Secret ballot in parliament confirms Harabin
Parliament narrowly voted against a cabinet proposal to sack Supreme Court Chief Justice Štefan Harabin in a December 19 secret ballot. Of 138 MPs present, 60 voted for Harabin's dismissal, while 62 voted against.
The cabinet approved Harabin's dismissal in August, prompting the embattled judge to appeal to European Commission President Romano Prodi and to the United Nations for what he called the Slovak government's anti-constitutional interference in judiciary independence.
Dato Prama Cumaraswamy, the special rapporteur of the UN Secretary General for the Independence of Judges, recently asked parliament to delay the case because such a dismissal would have a serious impact on the independence of Slovakia's judiciary and democracy.

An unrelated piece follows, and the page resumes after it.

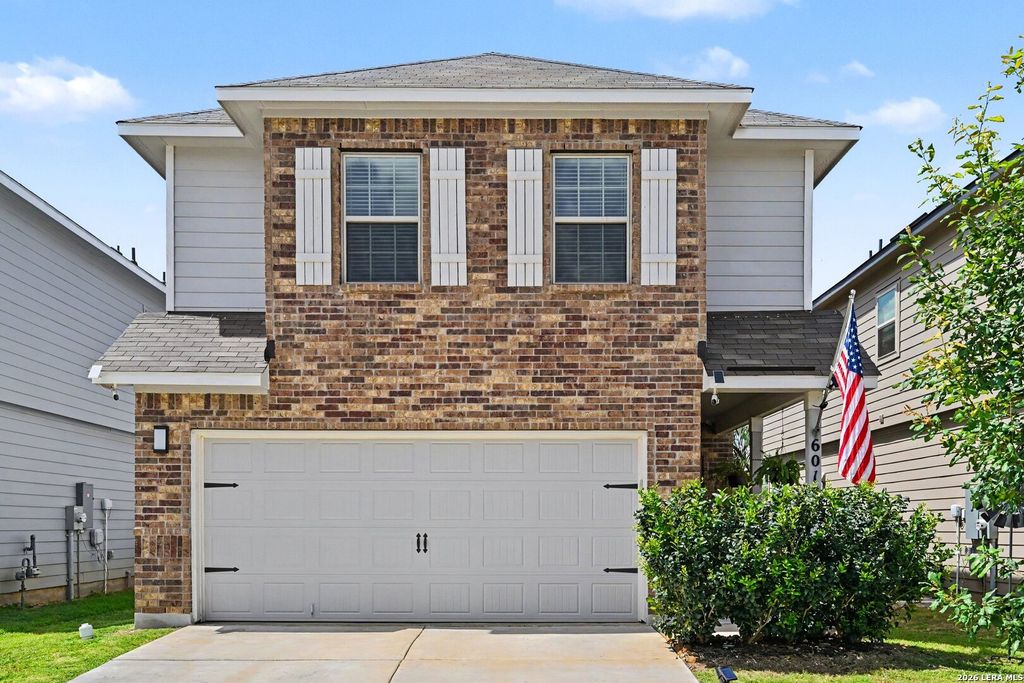 6018 Galena Rock, San Antonio, TX 78222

Communist secret service boss will not serve sentence
Alojz Lorenc, the last boss of the Czechoslovak Communist secret service (StB) who is accused of abuse of state power, will not return to prison, said the chairman of the Military Court in Bratislava Bohuslav Padrta on December 18. The ruling comes because the five year statute of limitations has expired on the sentence he received in 1992 from the Czechoslovak Military Court in Tabor, Czech Republic.
Lorenc received a four-year prison sentence in 1992, but was released after the 'Velvet Divorce' dividing the two countries in 1993 under an international agreement on the non-extradition of citizens to other countries. A Slovak, Lorenc refused to serve his sentence in a Czech prison, allowing for his release to Slovakia.
Lorenc then could not be persecuted in Slovakia because the law states that a citizen cannot be sentenced twice for the same crime. The failure to imprison Lorenc means that Slovakia has yet to sentence a single former communist, although a trial is now proceeding against former Communist leader Vasil Biľak.